A Tale of Two Operating Systems

Ben Fathi
Ben Fathi
Mar 3, 2018 · 11 min read
Paris. Place Vosges. [ Source: https://benfa.smugmug.com/ ]

“It was the best of times, it was the worst of times.” — Obligatory Dickens quote. A Tale of Two Cities.

A few months ago, on a whim, I re-published a blog I’d written last year, entitled “What Really Happened with Vista: An Insider’s Retrospective.” To my surprise, it received well over 100,000 views within a couple of days. I had to go back and see what all the hoopla was about.

The content hadn’t changed. Social media networks had just picked up on it the second time around. I realized upon a second reading that while I’d spent a lot of time explaining the problems with Vista, other than citing the inherent benefits of open source, I hadn’t really offered too many solutions to the challenges I’d listed.

So here’s an attempt at a better follow-up and conclusion. It’s not about Vista but rather about operating systems in general: what it takes to build a successful platform and the ecosystem around it and how the health of that ecosystem ultimately dictates the success or failure of the platform in the long run.

An operating system shouldn’t be viewed as a standalone piece of software that a company ships once in a while. It is, instead, the sum total of the entire ecosystem of solutions that comes to life around it. Over the long haul, the platform stands or falls due to the health and vitality of that ecosystem.

A successful platform lasts decades. As such, every architectural decision made early in its life cycle becomes critical in the long run, much more so than any dozen decisions made later in its life.
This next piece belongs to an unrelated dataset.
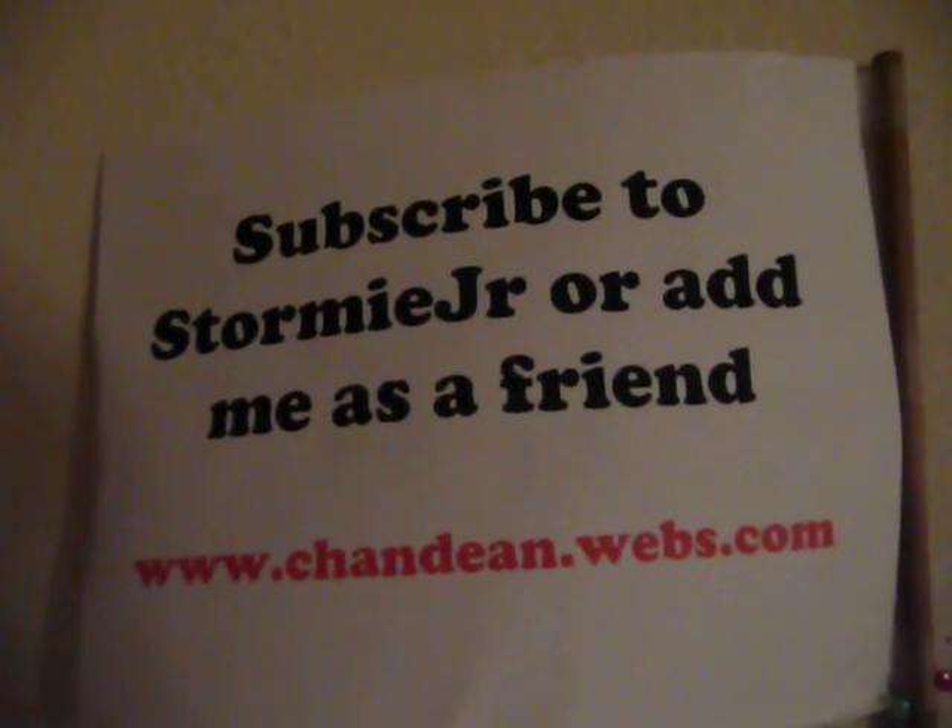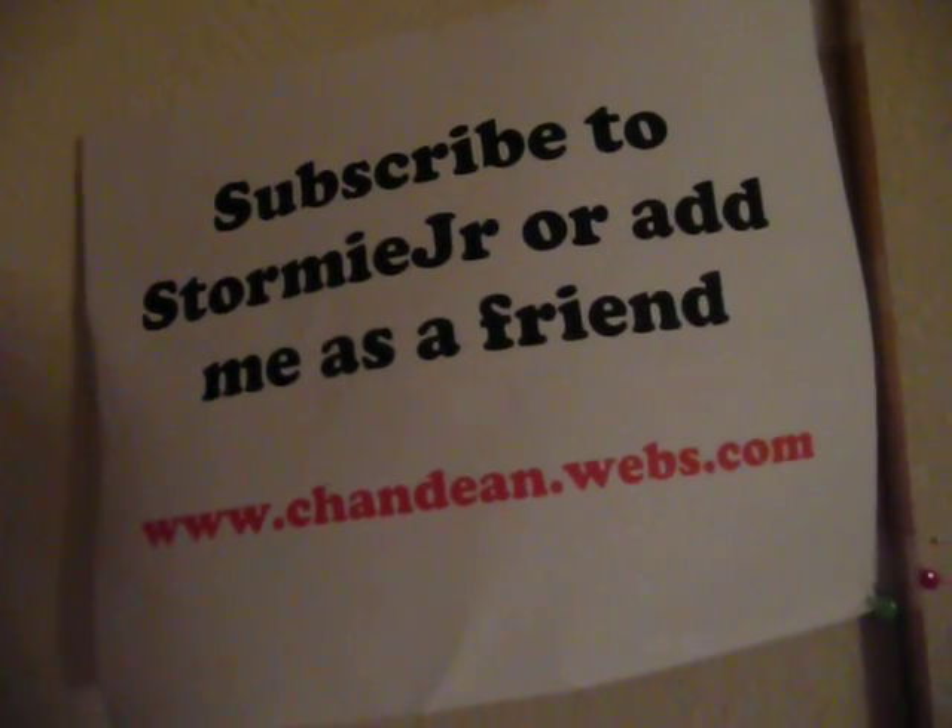Subscribe to Derby Jr. or add me as a friend at www.chanding.web.com.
When analyzing the recent history of operating systems, a pattern emerges that is worth scrutiny. At any given point in the recent past, in fact, two operating systems have competed for dominance in the general-purpose computing arena. Examples are: Unix vs. Windows, Netware vs. Windows, MacOS vs. Windows, Linux vs. Windows, iOS vs. Android. By dominance, I am referring to some fuzzy formula based on unit volume, total revenue, application availability, total cost of ownership (TCO), performance, reliability, and developer mind share.

The names have changed over the years but the story is often the same. When it comes to building a platform, there are basically two strategies available: rich or reach. (I didn’t invent these terms, they’ve been around for decades.) Both can be successful but they outline markedly different approaches to ecosystem development.

In the case of the former, a rich, coherent, and elegant end user experience is prized above all else. Apple’s products fall squarely into this category, where a “walled garden” approach delivers a superior end-user experience at a premium price, achieved by tight control over the ecosystem, a reduced number of choices at each integration point resulting in a smaller test matrix and hence fewer opportunities for breakage. This approach can be highly lucrative; the iPhone covers less than 15% of the smartphone market in terms of unit share but accounts for 90% of the overall profits.

By intentionally reducing the available hardware choices and maintaining complete control over the out-of-box experience, Steve Jobs forced the Apple ecosystem to “move up the stack” and innovate in applications instead, while also improving overall product quality and customer satisfaction. Combined with a central app store, this also resulted in better quality control at the application level.

In the case of the latter strategy, the top priority is to reach as many customers as possible. Windows falls into this category, as does Android. Microsoft’s mantra of “a computer on every desk and in every home” was the rallying cry for Windows for many years. By necessity, the reach strategy requires an open ecosystem of partners and many integration points into the platform. It often yields a less cohesive end-to-end user experience as various integral parts of the product are designed and tested by different vendors.

Windows-powered laptops are available from dozens of vendors in a dizzying array of hardware and software configurations. When your platform strategy is to reach the broadest audience, these OEMs (Original Equipment Manufacturers) often end up competing on price. They choose the cheapest available piece of hardware to save a few pennies on COGs. In fact, a given model from any manufacturer may incorporate different hardware and software components on two different days of the same week.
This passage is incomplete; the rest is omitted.